Modarresi, Ghosh, Srinivas, and Kristensen are combinable for the same rationale as set forth above with respect to claim 14.
Claim 18 is rejected under 35 U.S.C. 103 as being unpatentable over Modarresi, in view of Ghosh, Srinivas, and further in view of Jaipuria et al. (NPL: "Deflating Dataset Bias Using Synthetic Data Augmentation", hereinafter 'Jaipuria').
Regarding claim 18, Modarresi, as modified by Ghosh and Srinivas, teaches The method of claim 1.
Modarresi, as modified by Ghosh and Srinivas, fails to teach wherein the synthetic images are generated and promoted to the production neural network based on a bias and a non-bias in the neural network training dataset.
Jaipuria teaches wherein the synthetic images are generated and promoted to the production neural network based on a bias and a non-bias in the neural network training dataset ([3.1. Revisiting “Name That Dataset”, pg. 3] We chose to apply synthetic images are generated and promoted to the production neural network data augmentation to only these two datasets as they are also used for the lane detection experiments in Section 5 with readily available sim2real data on hand. Fig. 1 compares the confusion matrices of the two classifiers, with and without synthetic data augmentation. Here, the labels 1, 2, 3, 4 and 5 denote the ApolloScape, BDD100K, CULane, Mapillary and TuSimple datasets respectively. Consistent with the motivating hypothesis H, synthetic data augmentation diffuses the strength of the diagonal indicating deflated dataset bias.; [6.2. Experiment Details, pg. 7] As with the other tasks, we train the task network with different percentages of simulated (A + S) and sim2real (A + G) data, starting from 0% to 100% and test on KITTI sequences that were not seen during training (B). We use the based on a bias and a non-bias in the neural network training dataset Root Mean Squared Error (RMSE) metric to determine the performance of the network trained on a particular sim/real or sim2real/real mix, after limiting maximum depth to 100m. We provide detailed RMSE results in Figure 9. We also tested this task based on accuracy of depth estimation, measured as the ratio of correctly estimated depth pixels to the total number of depth pixels. These results are summarized, along with RMSE in Table 3 and more detailed results for accuracy are provided in the Supplementary Material. RMSE and accuracy are common metrics used in prior work on single image depth [6]. A lower value of RMSE indicates better performance while the same is true for a higher value for accuracy.).
Modarresi, Ghosh, Srinivas, and Jaipuria are considered to be analogous to the claimed invention because they are in the same field of machine learning. In view of the teachings of Modarresi, Ghosh, and Srinivas, it would have been obvious for a person of ordinary skill in the art to apply the teachings of Jaipuria to Modarresi before the effective filing date of the claimed invention in order to combine the benefits of gaming engine simulations and sim2real style transfer techniques for filling gaps in real datasets for vision tasks (cf. Jaipuria, [Abstract, pg. 1] The goal of this paper is to investigate the use of targeted synthetic data augmentation - combining the benefits of gaming engine simulations and sim2real style transfer techniques - for filling gaps in real datasets for vision tasks. Empirical studies on three different computer vision tasks of practical use to AVs - parking slot detection, lane detection and monocular depth estimation - consistently show that having synthetic data in the training mix provides a significant boost in cross-dataset generalization performance as compared to training on real data only, for the same size of the training set.).

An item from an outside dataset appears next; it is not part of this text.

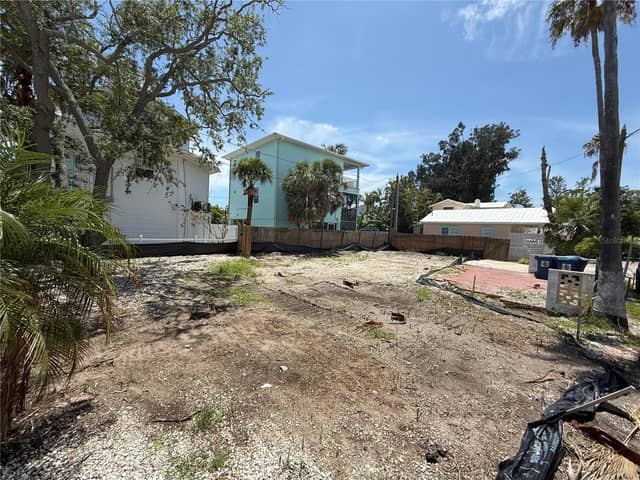 8586 E BAY DR photo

Claims 20-24, 29-30 are rejected under 35 U.S.C. 103 as being unpatentable over Modarresi, in view of Ghosh, Srinivas, and further in view of Wilf et al. (U.S. Pre-Grant Publication No. 2019/0005359, hereinafter 'Wilf').
Regarding claim 20, Modarresi, as modified by Ghosh and Srinivas, teaches The method of claim 1.

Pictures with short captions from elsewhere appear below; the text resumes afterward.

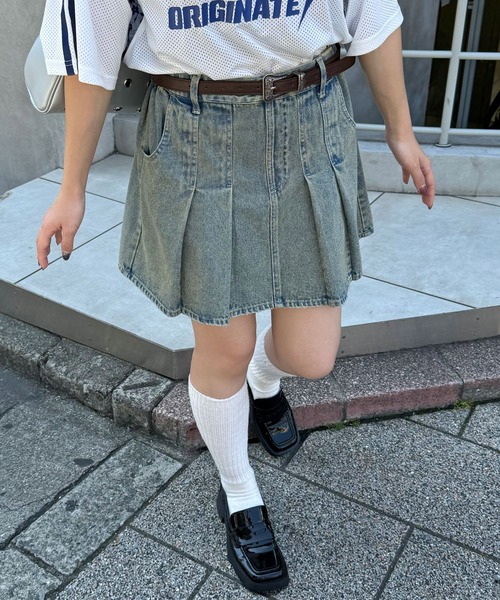 CIAOPANIC(チャオパニック)の「デニムタックプリーツミニスカート(デニムスカート・レディース・ブルー/サックスブルー・FREE)」の2枚目の写真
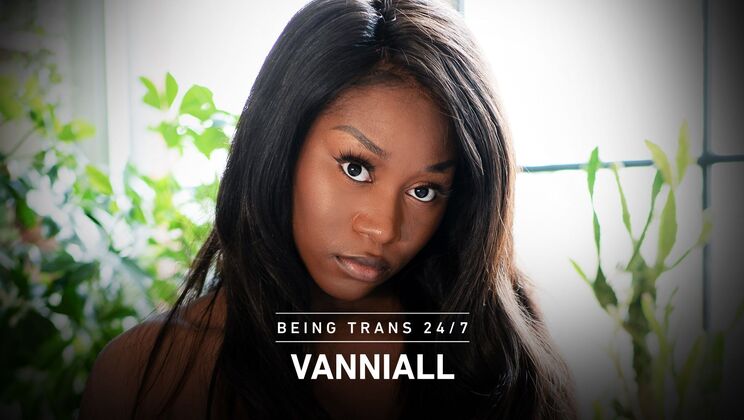 [Transfixed] - Interview with Shemale Vanniall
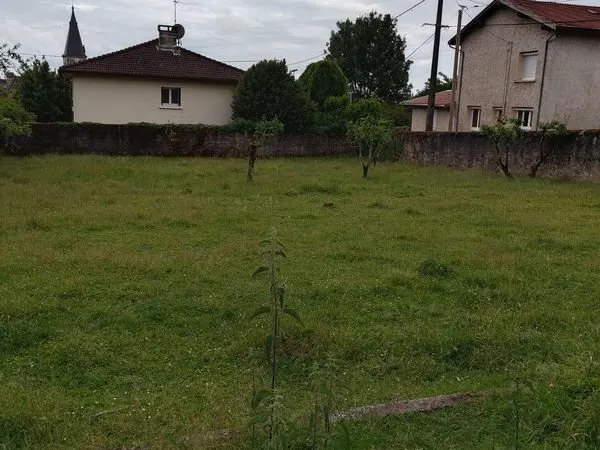 Terrain constructible 610 m² - Villieu-Loyes-Mollon (01800)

Modarresi, as modified by Ghosh and Srinivas, fails to teach wherein the additional images comprise real images from a specific demographic.
Wilf teaches wherein the additional images comprise real images from a specific demographic ([0030] According to an embodiment of the invention, the process of the face-based personality analysis module may further comprise one or more additional tasks such as: searching for additional images of the subject person by using a name search engine that can be augmented by face recognition by face recognition and analyzing said additional images to enhance the accuracy of predicted personality traits or capabilities.; [0170] Face-based demographic classification (gender, age, ethnicity) is known in prior art. The idea is that improved personality trait/behavior/capability classification may benefit from demographic segmentation. For example, the system additional images comprise real images from a specific demographic collects images of male researchers and female researchers, doing the same with a control group, which in this context may comprise of people that are known not to be researchers. Now we train a classifier for male researcher and one for female researcher (and of course verify during development that we benefit from such segmentation).).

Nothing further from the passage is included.